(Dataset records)
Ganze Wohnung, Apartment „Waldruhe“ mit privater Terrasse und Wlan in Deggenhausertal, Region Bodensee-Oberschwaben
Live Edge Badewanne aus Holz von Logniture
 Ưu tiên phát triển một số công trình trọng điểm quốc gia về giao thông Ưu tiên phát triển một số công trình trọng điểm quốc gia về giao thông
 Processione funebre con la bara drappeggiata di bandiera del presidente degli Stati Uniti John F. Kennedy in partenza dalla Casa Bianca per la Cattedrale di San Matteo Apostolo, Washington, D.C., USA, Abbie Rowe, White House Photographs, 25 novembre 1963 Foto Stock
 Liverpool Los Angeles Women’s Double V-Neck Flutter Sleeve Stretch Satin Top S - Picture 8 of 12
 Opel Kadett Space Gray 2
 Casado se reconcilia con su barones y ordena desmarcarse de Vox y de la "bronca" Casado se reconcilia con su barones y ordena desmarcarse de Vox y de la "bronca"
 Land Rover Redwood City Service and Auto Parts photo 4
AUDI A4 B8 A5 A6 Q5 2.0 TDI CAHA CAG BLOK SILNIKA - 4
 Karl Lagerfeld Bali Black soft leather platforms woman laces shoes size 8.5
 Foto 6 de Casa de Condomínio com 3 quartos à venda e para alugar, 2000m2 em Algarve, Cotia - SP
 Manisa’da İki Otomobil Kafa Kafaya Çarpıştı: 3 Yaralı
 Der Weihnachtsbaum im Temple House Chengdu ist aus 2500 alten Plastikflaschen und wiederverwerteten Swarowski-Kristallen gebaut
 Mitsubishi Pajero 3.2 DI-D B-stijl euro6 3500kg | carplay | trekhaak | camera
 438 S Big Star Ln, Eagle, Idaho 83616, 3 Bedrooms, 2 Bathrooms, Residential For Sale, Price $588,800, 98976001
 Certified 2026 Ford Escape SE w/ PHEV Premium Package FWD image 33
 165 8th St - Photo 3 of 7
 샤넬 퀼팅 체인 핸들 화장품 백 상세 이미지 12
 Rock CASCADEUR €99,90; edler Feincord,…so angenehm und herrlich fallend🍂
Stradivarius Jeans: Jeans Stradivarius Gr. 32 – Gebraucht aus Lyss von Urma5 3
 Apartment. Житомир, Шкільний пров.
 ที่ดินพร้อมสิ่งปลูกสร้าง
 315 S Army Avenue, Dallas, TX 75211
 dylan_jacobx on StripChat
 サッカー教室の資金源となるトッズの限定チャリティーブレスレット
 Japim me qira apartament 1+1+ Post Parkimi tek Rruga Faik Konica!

** ACTIVITY **
Count each line above where the word "House" appears, and answer with nothing except that count.

** SOLUTION BELOW **
2